Tak bisa dipungkiri, cinta kasih dan dukungan yang diberikan Hartinah menjadi pendorong karir Soeharto sebagai presiden.
Laiknya pasangan lain, cemburu dan cekcok suami istri juga dialami Soeharto.
Namun baik Soeharto maupun Hartinah bisa menempatkan kecemburuan secara bijak.
"Hanya ada satu Nyonya Soeharto dan tidak ada lagi yang lainnya. Jika ada, akan timbul pemberontakan yang terbuka di dalam rumah tangga Soeharto," demikian tulis kata Pak Harto.
Romantis Hingga Maut Memisahkan
Sebagai istri prajurit, Ibu Tien harus terbiasa hidup mandiri.
Meski jarak kerap memisahkan keduanya, kasih Soeharto kepada istrinya begitu besar.
Hal ini salah satunya terlihat ketika Soeharto tampil membela proyek pembangunan Taman Mini Indonesia Indah (TMII) yang digagas Tien.

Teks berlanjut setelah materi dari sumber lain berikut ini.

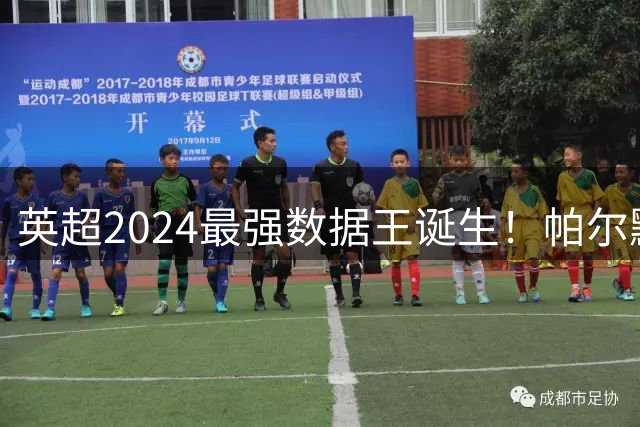 英超2024最强数据王诞生！帕尔默独造25球惊艳足坛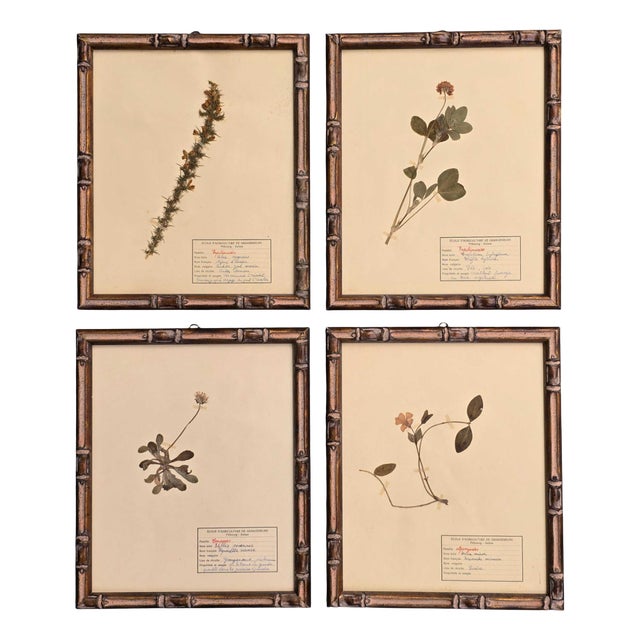 Swiss Herbarium Panels from École Dagriculture de Grangeneuve, 1920s, Set of 4 For Sale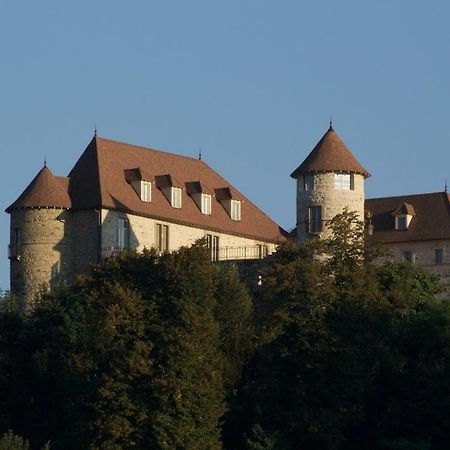 La Tour De Quinsonnas Bed and Breakfast Serezin-de-la-Tour Exteriör bild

Sebagaimana diketahui, pembanggunan TMII kala itu banyak diprotes karena dianggap tak bermanfaat dan mubazir.
Setelah sepuh, Soeharto dan Tien sering menghabiskan waktu di TMII hingga maut memisahkan mereka.

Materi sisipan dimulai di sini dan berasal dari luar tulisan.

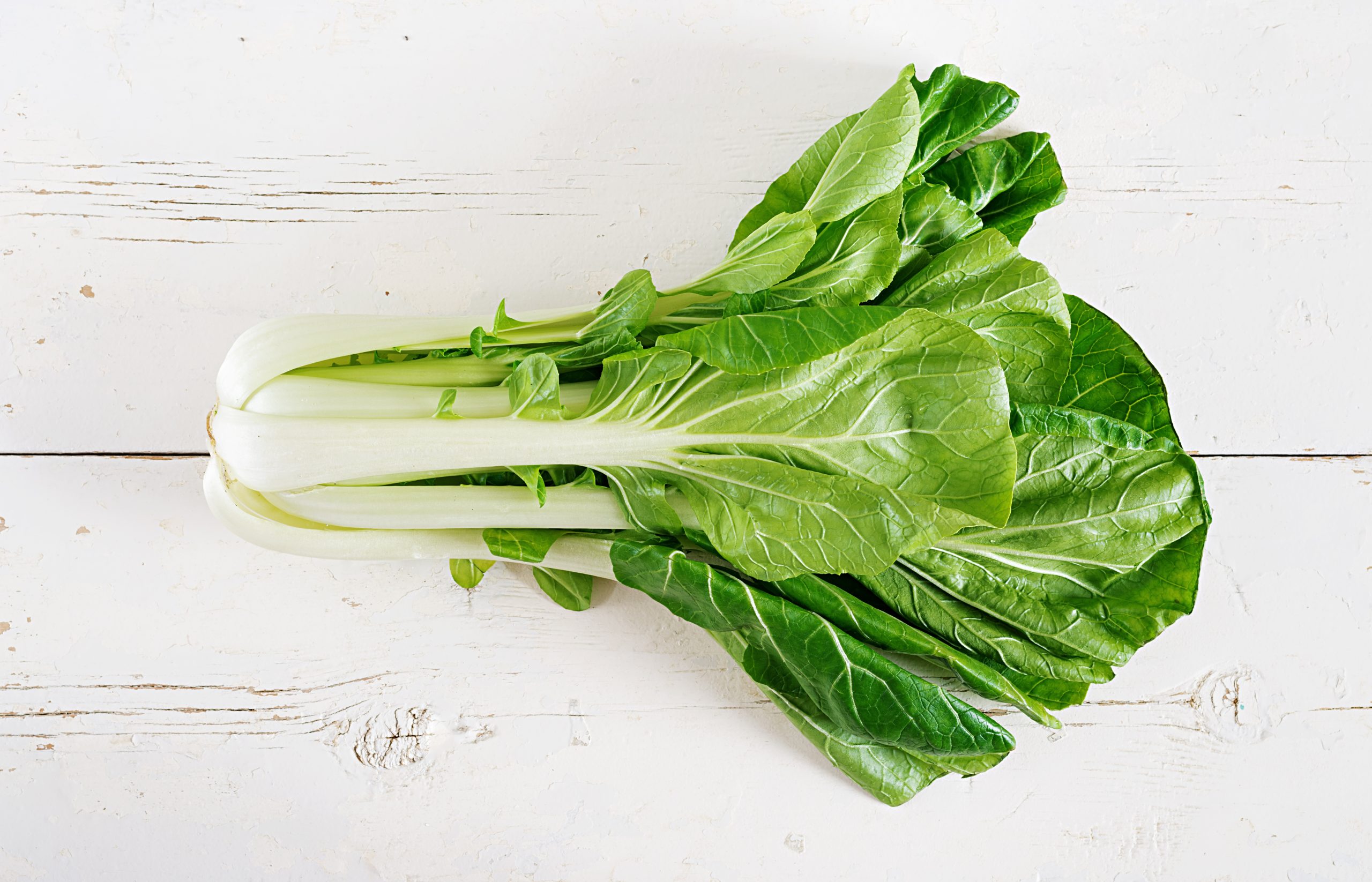 Bok choy or Chinese-cabbage on white wooden table. Pak choi. Top view cheap vegetable bok choy on a white panel
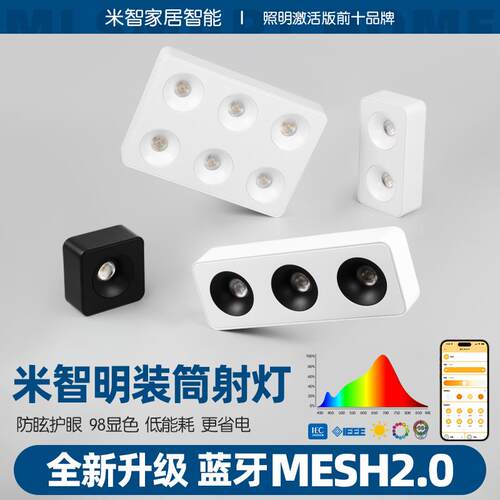 智能MESH2.0新版明装射灯卧室斗胆灯方形led双头免吊顶无主灯筒灯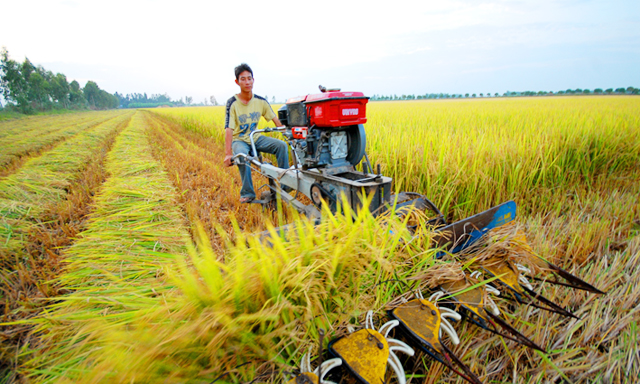 Máy móc hiện đại trên cánh đồng lớn của HTX
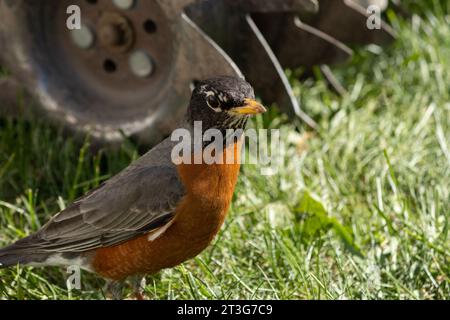 A robin taking interest in gardening, standing in front of a wheelbarrow Stock Photo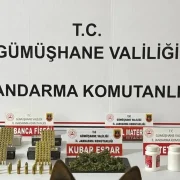Gümüşhane’de Jandarmadan Uyuşturucu ve Mühimmat Operasyonu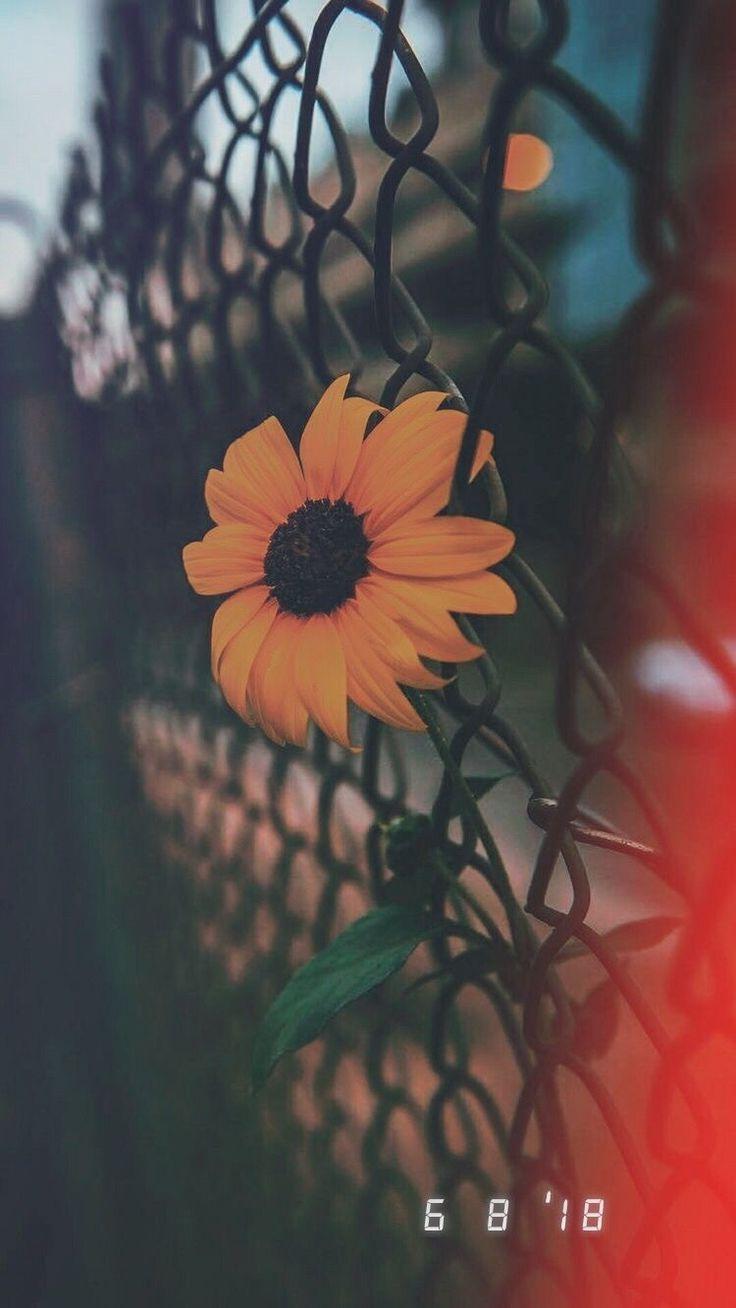 736x1308 Flor Amarelo, quadra, flor, flower wallpaperpinteres. - #amarelo #Flor # flower #. Aesthetic iphone wallpaper, Sunflower wallpaper, Aesthetic background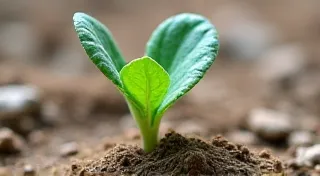 The Scar and the Seed: Rebirth Through the Carving Blade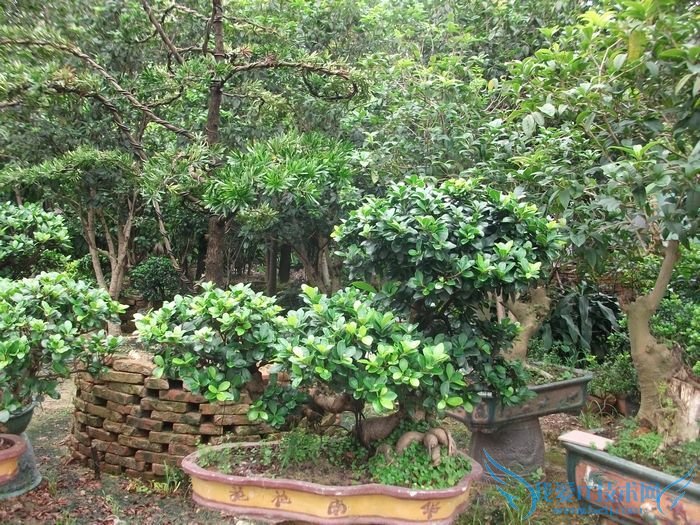 ҡǮͼƬȫ ҡǮͼƬͼϽ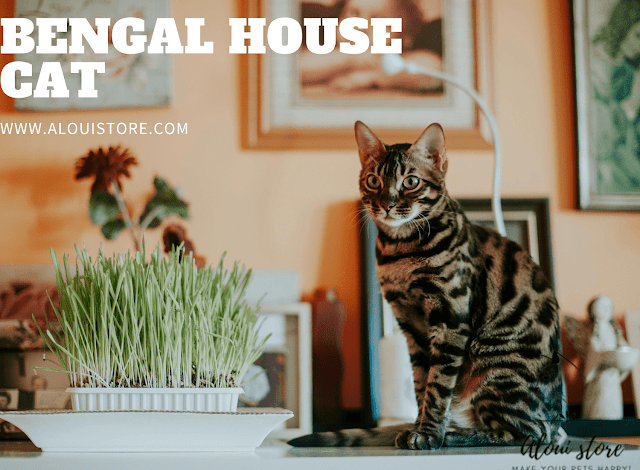 Bengal House Cat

Pada 28 April 1996, Ibu Tien meninggal dunia.
Soeharto pun larut dalam kesedihan yang mendalam.
Untuk melepas rindu dengan belahan jiwanya, Soeharto kerap meminta anak-anaknya untuk mengantar dia ke TMII.
Di sana, Soeharto hanya duduk terdiam dan memegang tongkat jalannya. Itulah momen Soeharto begitu merindukan mendiang istrinya.
"Walau bicaranya sudah tidak jelas, tapi saya bisa mengerti isi perkataan beliau. Pak Harto bilang, 'Saya rindu pada Ibu. Dan setiap saya merindukan Ibu, Taman Mini ini yang membuat kerinduan saya terobati'," kata Bambang Sutanto, mantan pimpinan TMII, menirukan ucapan Soeharto.
Dua belas tahun kemudian, Soeharto tutup usia dan menyusul wanita terkasihnya untuk selamanya.